Like Cosimo himself.

Sandy considered waiting to reply till morning—he would be able to give a more coherent answer with time, surely—but then a detail from the main note caught his eye.

“tomorrow (or I suppose today)”

He checked the timestamp on the email and, yes, it had been sent only a few minutes ago. Could Cosimo still be online? He glanced to the right, and, sure enough, the little speech bubble symbol was green. Without pausing to think, he opened a chat with Cosimo.

me: Hello there

I’ll go to Barton Springs with you

The cool water will do me good

Cosimo: Excellent

Though why the need for cool water?

Did my post-script wind you up?

Are you going to be wound up all day? When you’re with me I’m going to make it so that even the Barton Springs water doesn’t help

me: stop

you are presumptous

Cosimo: What happened to your shift key?

me: Are you smirking right now?

Cosimo: No, I’m grinning like the Cheshire Cat. I’m licking my lips like a tiger that can almost taste his prey

me: is that a red flag

Cosimo: Most assuredly. Shall I pick you up tomorrow?
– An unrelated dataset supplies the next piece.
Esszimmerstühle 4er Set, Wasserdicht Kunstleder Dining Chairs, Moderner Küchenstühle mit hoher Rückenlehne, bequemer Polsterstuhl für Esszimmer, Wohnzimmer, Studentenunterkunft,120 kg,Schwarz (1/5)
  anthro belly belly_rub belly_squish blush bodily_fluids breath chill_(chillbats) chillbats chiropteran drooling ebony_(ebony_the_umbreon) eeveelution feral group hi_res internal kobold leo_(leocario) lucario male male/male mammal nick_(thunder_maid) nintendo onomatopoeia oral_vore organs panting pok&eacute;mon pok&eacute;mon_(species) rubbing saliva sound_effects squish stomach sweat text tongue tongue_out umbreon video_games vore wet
Sandy agreed and typed in his address almost without thinking. As soon as he hit enter, he realized there were all sorts of reasons why he shouldn’t tell Cosimo—who he still knew nothing about—where he lived. But it had seemed so natural to tell him. He shook his head. It wasn’t as if Cosimo seemed like a kind of person who wouldn’t take no for an answer. Instead, Cosimo seemed like he moved through his world without even taking into account the threat of refusal.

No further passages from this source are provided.